だからこそ本作は人の心を強く掴む魅力に溢れており、ある種の中毒性があります。主人公の気持ちが痛いほど分かる、それは過去の自分の傷やトラウマを、無意識のうちに彼らに重ね合わせているからなのでしょう。
ここで描かれるストーリーに救いはないかもしれませんが、「こんな体験をしたのは自分だけではないんだ」と思えるのは、私たちにとってある意味では救いです。
自分がおかしいのか、はたまた周囲がおかしいのか、それは誰にも分かりません。ただそういった苦しみは誰もが持っているもので、その共感性こそが本作の最大の魅力なのです。
たわけMONO
書誌情報
- タイトル:たわけMONO
- 著者:ほりのぶゆき
- 初版発行:1993年
たわけMONOのあらすじ
衣料品、靴、電化製品、アクセサリー…。世の中には無数のものに溢れている。しかし、ごくごくありふれたものたちも、ちょっと「条件」が変わるだけで、まったく普通ではないものになってくる。

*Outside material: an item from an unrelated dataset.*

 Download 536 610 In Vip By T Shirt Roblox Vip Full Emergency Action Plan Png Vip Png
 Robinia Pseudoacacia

例えば、セミやヘビがもしも電話だったら?洗濯機と嫁が合体してしまったら?――などなど、ほりのぶゆきの奇想天外な発想が炸裂する、インパクト抜群のギャグ4コマ。
たわけMONOのおすすめポイント
色々な物品を使ってボケてみせるというのは、いわゆる「モノボケ」として、お笑いの世界では定番です。しかし、本作はその一歩先を行き、様々なものをテーマにギャグをやるだけではなく、その製品自体を巧みに変異させ、不意打ちの笑いを生み出すことに成功しています。

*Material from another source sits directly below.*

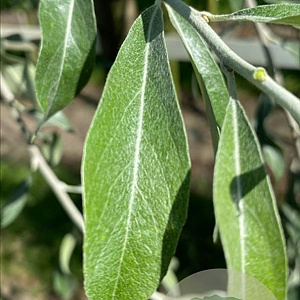 Pyrus nivalis 10-12 HO draadkluit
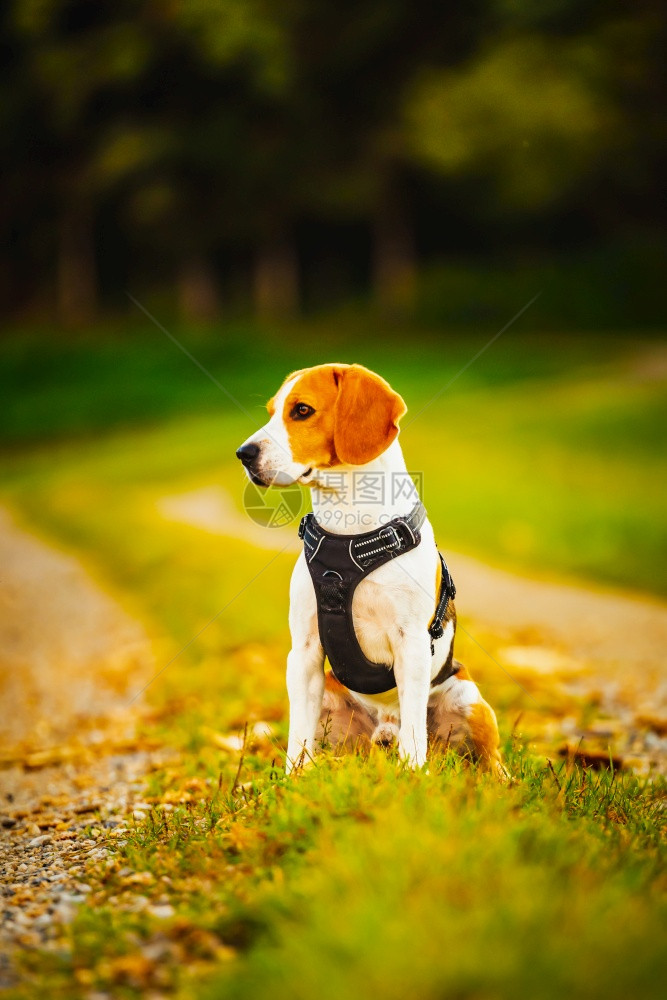 Beagle狗在田间走一条路Dog户外肖像狗在田间走一条路图片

洗濯機の中に「鬼嫁」がいたり、電話がヘビに変わっていたり、ビデオデッキの中に毒蛇が入っていたりと、まさにやりたい放題で畳み掛けてくる積極性の高い笑いを満喫できること必至。
魔法の森で何を見た?
書誌情報
- タイトル:魔法の森で何を見た?
- 著者:兎茶ましろ
- 初版発行:1988年
魔法の森で何を見た?のあらすじ
森に住むキツネの子どもたちは、ある年の夏、学校の先生からテストを受けるように言い渡されます。そのテストの内容は、先生が掘った深い落とし穴のなかから、術を使って脱出するというもの。
しかし、テスト当日、先生が掘った穴には人間の女の子が落ちてしまって…?(~表題作「魔法の森で何を見た?」~)
表題作の「魔法の森で何を見た?」の他、「しあわせ色の雨上がりに…」や「萌黄色の追憶」、「そらとぶペンギンたち」など、メルヘンな世界で起こる出来事を描いた短編9本を収録。
魔法の森で何を見た?のおすすめポイント
メルヘン色の強いファンタジー作品を収録した短編集です。
80年代の少女漫画らしいほんわかした絵柄で、温かくて優しい、のんびりした雰囲気で物語は進んでいきます。どの短編も味わいのある一編になっており、短いのに心に残る話が好きな人にオススメです。
動物が主体となっている話や、ラブコメのような話など、多様なお話が収録されているので、お気に入りの話を探して読むのも楽しいかもしれませんね。